SharePoint Workflow Architecture – Part 2

This blog post is a contribution from Andy Li, an Escalation Engineer with the SharePoint Developer Support team.

Andy is one of the Escalation Engineer with the SharePoint Developer Support team. The series of posts on Workflows are his contribution for the community to better understand the internals of workflow runtime and how it interacts with SharePoint.

Refer previous part of this series or jump to the next and the last part of this series.

SharePoint Workflow Architecture – Part 1

SharePoint Workflow Architecture – Part 3

Workflow Event Processing Pipeline

Almost every workflow requires some sort of user interaction.  For example, your workflow may create a couple of tasks and assign them to a group of users for approval.  When the users got their tasks they will go to the site and submit their feedback and their feedback will be sent back to the workflow for further processing.  There are a lot of actions going on behind the scene after the user submits the task.  One thing we mentioned earlier is that when the user submits the task, an event receiver will respond to that and try to deliver the task changes to the workflow.  We typically refer to this process as event delivery, in workflow runtime this is called Data Exchange.  They all mean the same thing.  In this section, we’ll talk about all the macro-actions that take place during this process.

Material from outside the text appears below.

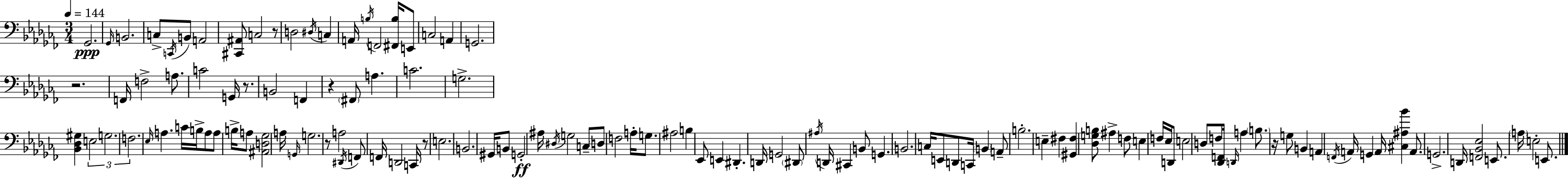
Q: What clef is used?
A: bass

Workflow Data Exchange Service

Workflow Host processes can communicate with workflows by exchanging data through custom local communication services.  These local communication services implement user-defined interfaces that define methods and events that will be passed between the workflow and the host process.  Events are used for sending data to a workflow.  Whereas, methods are used by the workflows to send data to the host application.

The following diagram shows how a local communication service communicates with its host application.  You can read Using Local Services in Workflows for more information.

image

For example, SharePoint defined ITaskService to handle exchange task information between SharePoint and the workflow that created the tasks.  ITaskService.CreateTask is used by workflow instance to create the task item on the tasks list.  ITaskService.OnTaskChanged event is used by SharePoint (the host process) to send an “event” to the workflow instance.

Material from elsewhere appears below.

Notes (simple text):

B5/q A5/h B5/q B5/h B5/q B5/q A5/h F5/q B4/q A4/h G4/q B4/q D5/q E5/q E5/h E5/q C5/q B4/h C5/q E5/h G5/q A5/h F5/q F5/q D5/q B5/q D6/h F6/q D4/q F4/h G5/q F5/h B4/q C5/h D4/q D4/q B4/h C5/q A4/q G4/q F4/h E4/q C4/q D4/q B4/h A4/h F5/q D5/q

A service class that implements these interfaces is required to actually accomplish the data exchange.  For example, Microsoft.SharePoint.Workflow.SPWinOeTaskServices implements the ITaskService interface.  The service class has the actual implementation for creating the task in SharePoint list as well as raising the event when the event comes back from the host process.

The last thing is to hook up the data exchange service to your workflow, this is how HandleExternalEventActivity and CallExternalMethodActivity come into the picture.  The SharePoint CreateTask activity is essentially a CallExternalMethodActivity that binds to ITaskService.CreateTask.

ITaskService

Take a look at the ITaskService definition in ILSpy.

image

Now, let’s explain how correlation works.  Simply put, correlation parameters are used by workflow runtime to find the correct destination for the event it needs to deliver to.  You may remember that every task activity in SharePoint requires a TaskId parameter (see the screenshot above).  Notice that the CreateTask method has a “CorrelationInitialization”, this is the place you will create a new TaskId and this value will be used for the rest of the activities on the same task.  For example, OnTaskChanged activity.  Later on, when a user submits a change on the task the workflow runtime uses the task to find the OnTaskChanged activity where that event should go to (Remember there can be multiple workflow instances that may have multiple OnTaskChanged activities in the system).

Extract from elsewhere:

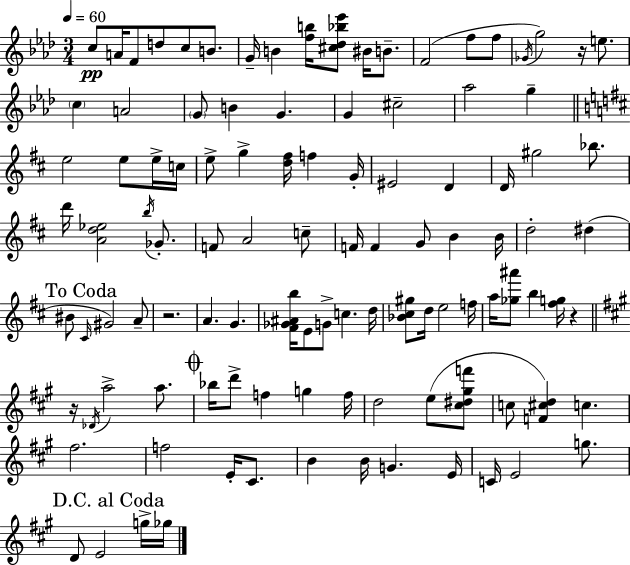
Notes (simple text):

C5/e A4/s F4/e D5/e C5/e B4/e. G4/s B4/q [F5,B5]/s [C#5,Db5,Bb5,Eb6]/e BIS4/s B4/e. F4/h F5/e F5/e Gb4/s G5/h R/s E5/e. C5/q A4/h G4/e B4/q G4/q. G4/q C#5/h Ab5/h G5/q E5/h E5/e E5/s C5/s E5/e G5/q [D5,F#5]/s F5/q G4/s EIS4/h D4/q D4/s G#5/h Bb5/e. D6/s [A4,D5,Eb5]/h B5/s Gb4/e. F4/e A4/h C5/e F4/s F4/q G4/e B4/q B4/s D5/h D#5/q BIS4/e C#4/s G#4/h A4/e R/h. A4/q. G4/q. [F#4,Gb4,A#4,B5]/s E4/e G4/e C5/q. D5/s [Bb4,C#5,G#5]/e D5/s E5/h F5/s A5/s [Gb5,A#6]/e B5/q [F#5,G5]/s R/q R/s Db4/s A5/h A5/e. Bb5/s D6/e F5/q G5/q F5/s D5/h E5/e [C#5,D#5,G#5,F6]/e C5/e [F4,C#5,D5]/q C5/q. F#5/h. F5/h E4/s C#4/e. B4/q B4/s G4/q. E4/s C4/s E4/h G5/e. D4/e E4/h G5/s Gb5/s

How does correlation work?

CorrelationParameterAttribute defines the identifier for the data exchange conversation.  Each method or event on the interface is then declared with a formal parameter of that name, for example, taskid, as shown in the ITaskService interface example.  You can also use other attributes to describe more complex correlation mapping.

Any operation, method or event that starts a new conversation must be attributed with the CorrelationInitializerAttribute.  For example, ITaskService.CreateTask and ITaskService.CreateTaskWithContentType are the start of a conversation.  When there is a call to a method that has CorrelationInitializerAttribute, the service class knows that a new conversation is being initialized with this call.  The workflow conversation lifetime is dictated by the lifetime of the correlation reference.

The following screenshot shows properties of a CreateTask activity in Visual Studio.  Notice that we bind the TaskId property to a field in the class called Task1_TaskId1.  In MethodInvoking (createTask1_Invoking()) we initializes the TaskId with a new GUID.

image

Do not confuse correlation parameter with “CorrelationToken”.  In the above screenshot, notice that the CorrelationToken has a value of “taskToken”.  And the OnTaskChanged activity on the same workflow (not shown) uses the same correlation token.  This means that they share the same conversation.

Once the “taskId” in initialized in either CreateTask or CreateTaskWithContentType activity, it will be shared with all the following task activities with the same correlationToken so that they know which task they will be working on.  Then when it comes to OnTaskChanged activity which is listening on ITaskService.OnTaskChanged event, it registers an event sink with the workflow runtime.  Later on, when workflow runtime receives an OnTaskChanged event from the host application (meaning SharePoint process, w3wp or owstimer), it checks taskId value on EventArgs then, route the event to the OnTaskChanged activity that has the same TaskId correlation.

High Level Event Processing

Most SharePoint workflows are event driven workflows.  When workflow reaches certain Activities that requires input from outside, workflow runtime will call SharePoint persistence service to save the instance data into SharePoint content database.  The following diagram describes the high level data flow about how a SharePoint workflow responds to the external event.

image

1. Event receiver responds to user’s action.

As we mentioned earlier, there are several workflow event receivers that respond to user actions.  SPWinOEItemEventReceiver is the one that responds to task and list item event, such as ItemUpdated and ItemDeleted.  These events contains the following information:

- The task or list item that is associated with the event.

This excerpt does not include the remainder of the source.